- [Brief]: In the data below, the answer is the run of lines from the line containing "50cm Euphorbia Trigona Cactus" through the line containing "ふるさと納税 ひたちなか市 【先行受付・5月以降順次発送】季節の手作りコケ玉　インテリアやプレゼントにもピッタリ", both included; print it exactly and nothing else.

BEGIN Data supplied

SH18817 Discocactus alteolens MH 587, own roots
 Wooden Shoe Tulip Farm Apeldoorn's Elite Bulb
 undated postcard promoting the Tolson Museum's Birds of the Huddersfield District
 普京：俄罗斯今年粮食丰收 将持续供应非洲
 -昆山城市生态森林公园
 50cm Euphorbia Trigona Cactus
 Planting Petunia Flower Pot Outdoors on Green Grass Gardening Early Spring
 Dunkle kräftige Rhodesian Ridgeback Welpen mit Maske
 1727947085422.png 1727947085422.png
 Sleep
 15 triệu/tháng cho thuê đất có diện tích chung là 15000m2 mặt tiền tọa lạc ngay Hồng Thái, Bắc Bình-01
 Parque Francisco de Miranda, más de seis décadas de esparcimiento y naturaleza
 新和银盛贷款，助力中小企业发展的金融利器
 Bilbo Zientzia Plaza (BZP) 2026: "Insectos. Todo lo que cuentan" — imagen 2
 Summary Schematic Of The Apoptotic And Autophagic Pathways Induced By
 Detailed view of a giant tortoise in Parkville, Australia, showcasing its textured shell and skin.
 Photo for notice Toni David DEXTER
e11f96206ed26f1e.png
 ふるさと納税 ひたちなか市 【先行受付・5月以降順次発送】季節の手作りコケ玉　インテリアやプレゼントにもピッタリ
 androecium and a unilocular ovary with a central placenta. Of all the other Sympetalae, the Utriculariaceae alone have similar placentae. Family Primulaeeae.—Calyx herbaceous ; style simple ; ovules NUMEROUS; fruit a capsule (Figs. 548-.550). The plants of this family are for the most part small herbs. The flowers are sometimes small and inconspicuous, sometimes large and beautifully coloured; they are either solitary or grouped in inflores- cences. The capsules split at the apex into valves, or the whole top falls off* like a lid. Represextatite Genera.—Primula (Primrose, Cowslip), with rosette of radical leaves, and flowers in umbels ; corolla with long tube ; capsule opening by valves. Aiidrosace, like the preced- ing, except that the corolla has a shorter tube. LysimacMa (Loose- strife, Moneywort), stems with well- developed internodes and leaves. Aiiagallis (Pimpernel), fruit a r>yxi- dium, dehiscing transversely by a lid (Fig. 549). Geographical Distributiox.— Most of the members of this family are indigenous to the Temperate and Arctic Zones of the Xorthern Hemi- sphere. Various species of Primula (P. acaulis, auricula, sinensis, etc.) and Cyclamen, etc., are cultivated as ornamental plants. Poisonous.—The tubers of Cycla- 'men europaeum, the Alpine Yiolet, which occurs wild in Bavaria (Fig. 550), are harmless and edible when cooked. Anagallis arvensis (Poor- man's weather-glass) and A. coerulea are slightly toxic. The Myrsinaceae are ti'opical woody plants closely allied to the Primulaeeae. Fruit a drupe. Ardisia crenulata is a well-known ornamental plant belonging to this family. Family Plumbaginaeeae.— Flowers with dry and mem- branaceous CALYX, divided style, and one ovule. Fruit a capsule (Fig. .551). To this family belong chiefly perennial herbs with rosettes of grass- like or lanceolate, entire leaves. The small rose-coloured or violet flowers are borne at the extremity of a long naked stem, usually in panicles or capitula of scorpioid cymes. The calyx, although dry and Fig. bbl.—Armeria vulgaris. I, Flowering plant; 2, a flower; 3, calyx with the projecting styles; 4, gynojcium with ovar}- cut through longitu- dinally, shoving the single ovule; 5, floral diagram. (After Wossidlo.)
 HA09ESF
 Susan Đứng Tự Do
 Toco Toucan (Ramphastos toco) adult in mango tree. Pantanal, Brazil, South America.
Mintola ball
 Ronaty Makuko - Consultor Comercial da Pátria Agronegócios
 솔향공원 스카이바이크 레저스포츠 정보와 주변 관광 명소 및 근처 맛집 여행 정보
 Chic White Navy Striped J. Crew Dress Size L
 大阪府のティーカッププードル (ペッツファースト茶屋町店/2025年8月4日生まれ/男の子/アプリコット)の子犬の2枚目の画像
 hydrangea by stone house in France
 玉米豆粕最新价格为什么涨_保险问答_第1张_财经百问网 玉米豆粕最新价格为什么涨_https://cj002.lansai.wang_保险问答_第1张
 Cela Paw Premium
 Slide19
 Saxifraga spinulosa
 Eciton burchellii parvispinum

END Data supplied

- [Answer section]:
 50cm Euphorbia Trigona Cactus
 Planting Petunia Flower Pot Outdoors on Green Grass Gardening Early Spring
 Dunkle kräftige Rhodesian Ridgeback Welpen mit Maske
 1727947085422.png 1727947085422.png
 Sleep
 15 triệu/tháng cho thuê đất có diện tích chung là 15000m2 mặt tiền tọa lạc ngay Hồng Thái, Bắc Bình-01
 Parque Francisco de Miranda, más de seis décadas de esparcimiento y naturaleza
 新和银盛贷款，助力中小企业发展的金融利器
 Bilbo Zientzia Plaza (BZP) 2026: "Insectos. Todo lo que cuentan" — imagen 2
 Summary Schematic Of The Apoptotic And Autophagic Pathways Induced By
 Detailed view of a giant tortoise in Parkville, Australia, showcasing its textured shell and skin.
 Photo for notice Toni David DEXTER
e11f96206ed26f1e.png
 ふるさと納税 ひたちなか市 【先行受付・5月以降順次発送】季節の手作りコケ玉　インテリアやプレゼントにもピッタリ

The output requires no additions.